The Last Brother

Written by Nathacha Appanah
Review by Patricia O’Sullivan

After a mudslide kills his two brothers, nine-year-old Raj and his parents leave the cane fields of Mauritius for the city of Beau-Bassin, and the family settles into their new life, Raj going to school, his mother tending house, and his father with a new job as a prison guard. But when Raj begins to spy on his father at work to learn more about the man who regularly beats him and his mother, he meets a prisoner weeping by the fence, a young Jewish orphan named David. Raj and David become great friends, and one day, after a cyclone destroys the prison’s fence, David escapes and goes home with Raj, where Raj’s mother welcomes David and helps to hide the boy from her husband. But Raj’s father suspects, so Raj and David escape to the wilderness where they endure test after test of their friendship and their survival.
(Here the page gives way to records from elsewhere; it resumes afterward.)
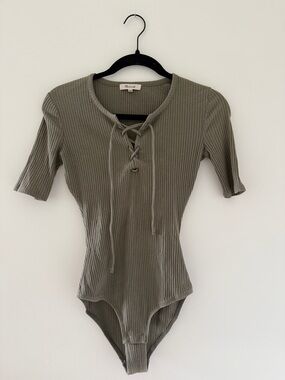 Madewell Olive Ribbed Lace-Up Scoop Bodysuit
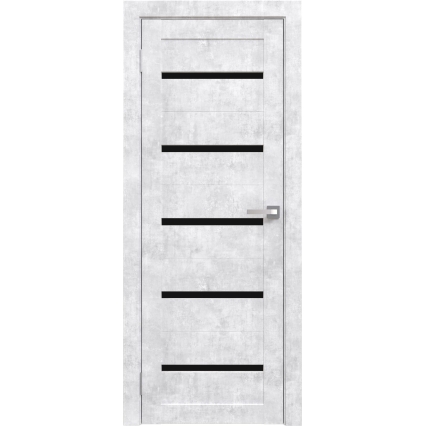 Дверь межкомнатная Амати 01М (Бетон Снежный/ Черное стекло)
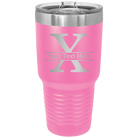 Personalized pink 30 oz vacuum insulated tumbler with 'Monogram letter X' design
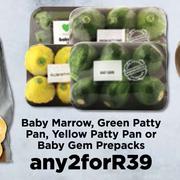 Baby Marrow, Green Patty Pan, Yellow Patty Pan Or Baby Gem Prepacks-For Any 2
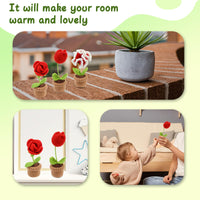 Potted Flowers Kit Crochet Kit for Beginners (Red)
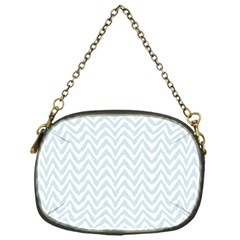 Chevrons Bleu Clair/blanc Chain Purse (one Side) by kcreatif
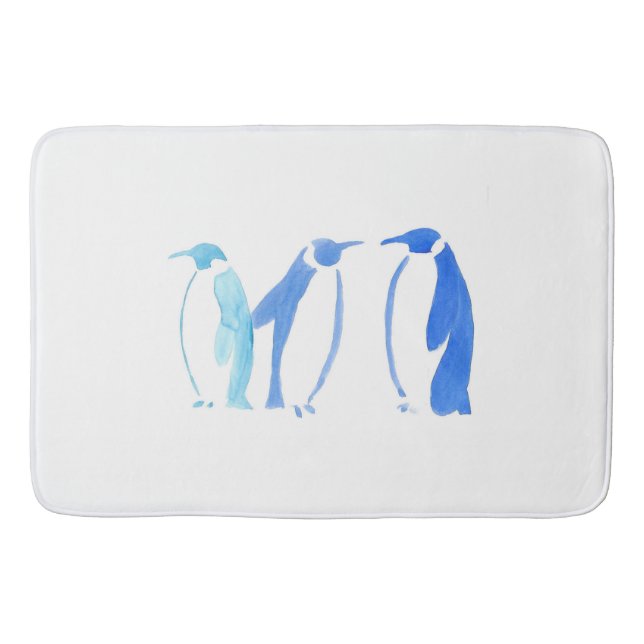 Blue Penguin Large Bath Mat (Front)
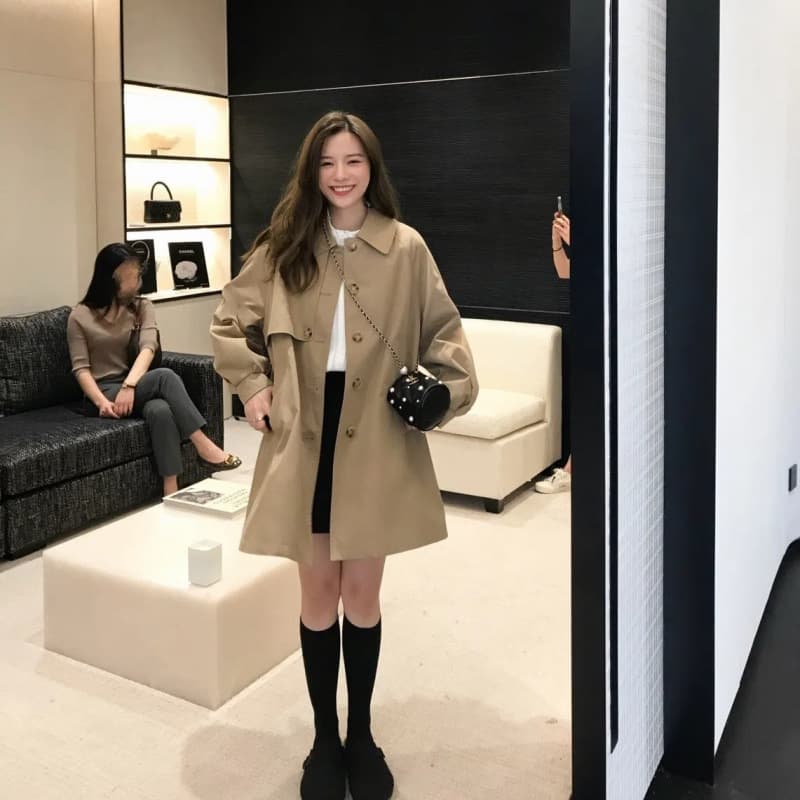 Spring Autumn Mid-Long Academic Style No Loose Threads Trench Coat Petite Coat Trendy Brand Elegant Top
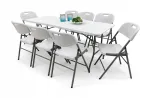 V&auml;lis s&ouml;&ouml;gikomplekt BANQUET: laud 240x76 cm, 8 valget kokkupandavat tooli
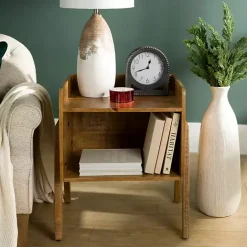 Sale Kirklands Home Natural Mango Wood Cubby Side Table Brown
Based on the real story of 1500 European Jews refused entry to Palestine in 1939 and interred in a prison in Mauritius until 1945, Appanah poignantly brings a forgotten bit of WWII history alive through the character of young David. The story is told from the perspective of Raj, now seventy, but still haunted with guilt and grief over the loss of David. Raj’s memories of his brothers’ loyalty, David’s sorrowful singing in Yiddish, his father’s rage, and his mother’s gentle touch in trying to heal Raj after one of his father’s beatings are written so expressively that the reader is bound to be drawn in just by the beauty of the writing. This is a very sad story, but told by Raj as an older man who’s had a good life after all, it offers a glimmer of hope that people can survive even the worst of tragedies.